House Democratic leader: NAFTA should stay a trilateral deal

U.S. House of Representatives Democratic Leader Nancy Pelosi on Friday warned the Trump administration that NAFTA should be maintained as a trilateral pact between the United States, Mexico and Canada and not just as a U.S.-Mexico arrangement.

Some concessions will be needed on dairy, Canadian officials say

House Minority Leader Nancy Pelosi, D-Calif., says any new NAFTA deal should be a trilateral deal with Mexico, Canada and the U.S. because anything else would not be 'in the interest of this hemisphere.' (Jose Luis Magana/Associated Press)

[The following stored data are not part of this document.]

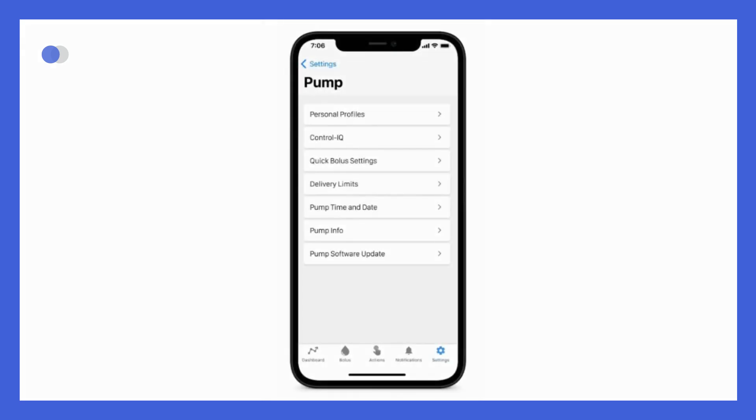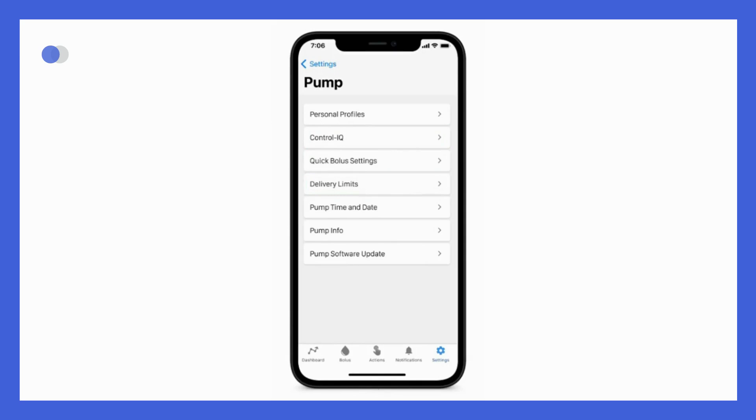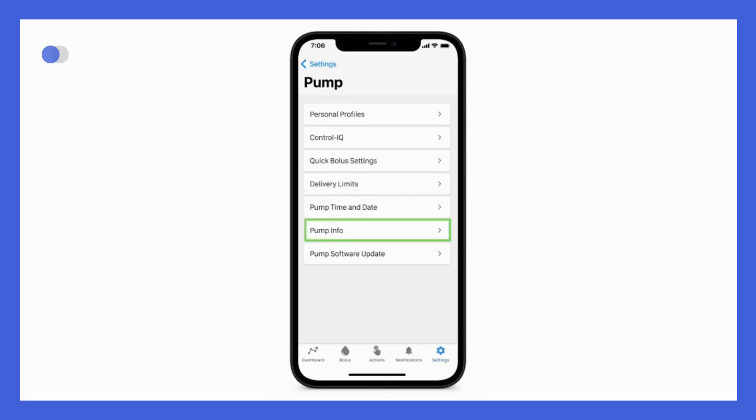Within the pump menu, you find the following. This is where you program personal profiles and where you turn on Control IQ technology. You program the quick bolus settings and delivery limits, which are the max bolus and basal rate limit values. You program the time and date for your pump from this menu. So this is where you need to go after the time changes or when you travel to update the time on your pump, since it is not automatically updated when the time on your phone changes. You can find pump info and at the bottom is where you go to update your pump software.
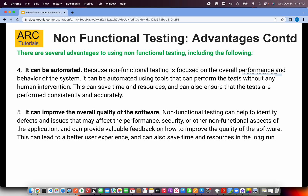Can non-functional testing be automated? Yes, certainly — a lot of aspects of it can be automated. Performance testing, security testing, stress testing, and load testing can all be automated through different tools and frameworks available as part of DevOps, security, and InfoSec frameworks. Non-functional testing can also improve quality of code by helping us identify defects and issues that may affect the performance, security, and other non-functional aspects of the application — all of which leads to a better user experience and better application quality.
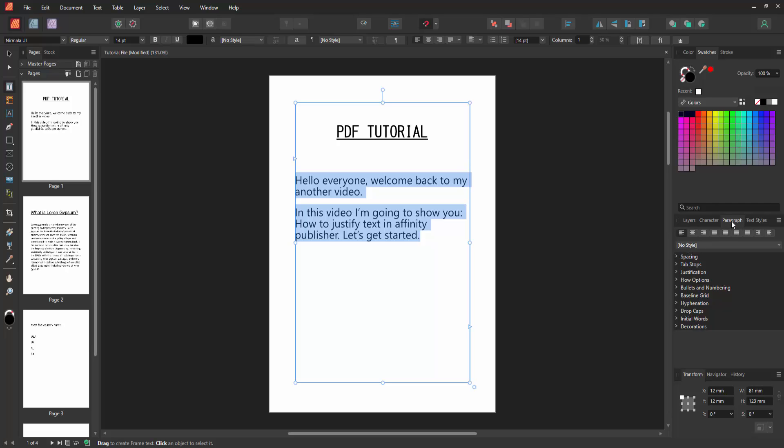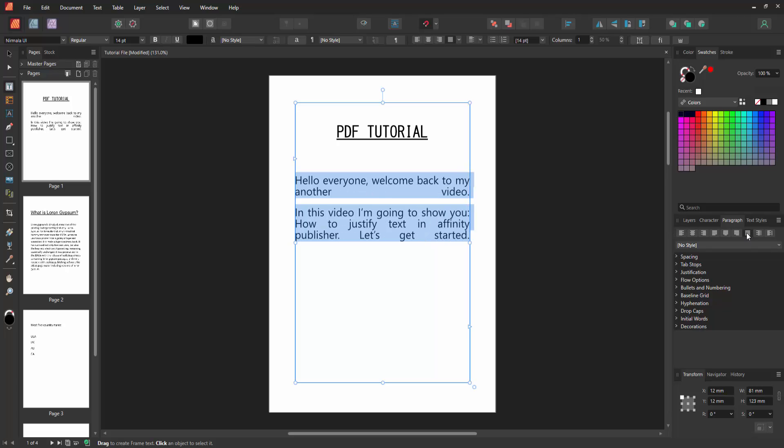the Paragraph settings. Now we want to justify text. Select justify left, justify center, or center. Now I select justify all. Then select it. Now we can see we align justify very easily. Now we want...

U.S. House of Representatives Democratic Leader Nancy Pelosi on Friday warned the Trump administration that NAFTA should be maintained as a trilateral pact between the United States, Mexico and Canada and not just as a U.S.-Mexico arrangement.

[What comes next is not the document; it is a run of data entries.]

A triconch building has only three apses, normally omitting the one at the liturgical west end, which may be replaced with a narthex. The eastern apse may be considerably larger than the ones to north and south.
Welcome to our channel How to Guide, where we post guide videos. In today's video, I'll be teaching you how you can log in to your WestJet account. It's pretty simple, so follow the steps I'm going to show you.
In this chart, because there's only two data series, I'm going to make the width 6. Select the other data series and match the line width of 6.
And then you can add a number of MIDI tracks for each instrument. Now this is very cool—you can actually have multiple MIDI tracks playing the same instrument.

Pelosi's remarks are significant because whatever deal to renew the North American Free Trade Agreement is ultimately reached will be reviewed by the next Congress that convenes in January. Pelosi could be the speaker of the House if Democrats win this November's congressional midterm elections.

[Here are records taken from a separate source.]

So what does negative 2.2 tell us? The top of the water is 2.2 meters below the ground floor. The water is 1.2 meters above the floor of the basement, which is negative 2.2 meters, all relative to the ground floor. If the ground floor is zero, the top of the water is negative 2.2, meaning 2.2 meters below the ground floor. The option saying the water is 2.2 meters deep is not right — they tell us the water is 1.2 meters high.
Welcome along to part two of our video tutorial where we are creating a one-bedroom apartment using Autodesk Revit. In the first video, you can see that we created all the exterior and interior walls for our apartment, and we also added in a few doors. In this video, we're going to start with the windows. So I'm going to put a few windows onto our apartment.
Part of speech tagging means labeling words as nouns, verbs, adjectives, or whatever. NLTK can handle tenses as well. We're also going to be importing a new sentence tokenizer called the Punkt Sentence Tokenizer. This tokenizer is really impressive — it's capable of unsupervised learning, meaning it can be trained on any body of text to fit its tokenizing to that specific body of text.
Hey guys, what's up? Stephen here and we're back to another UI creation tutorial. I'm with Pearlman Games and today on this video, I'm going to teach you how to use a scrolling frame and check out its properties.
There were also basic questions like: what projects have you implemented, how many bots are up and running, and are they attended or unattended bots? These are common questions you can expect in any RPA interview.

Talks to update NAFTA, which U.S. President Donald Trump says is unfair to the United States and must be radically revised, have been bogged down amid disagreements between Canadian and American negotiators.

Trump last month announced a side deal with Mexico and has warned Ottawa that he is prepared to leave Canada out if it fails to accept terms more favorable to the United States.

As House speaker, Pelosi would set the legislative agenda, and often has the political muscle to assure passage or defeat of initiatives.

"I think it should be trilateral," she told reporters, adding she did not think it would be "in the interest of this hemisphere" to turn NAFTA into a bilateral deal.

The U.S. administration wants the text of a deal ready by Oct. 1 but Canadian officials say they are not rushing, given the remaining differences. The two sides are arguing over dispute settlement mechanisms and a U.S. demand that Canada open up its protected dairy market.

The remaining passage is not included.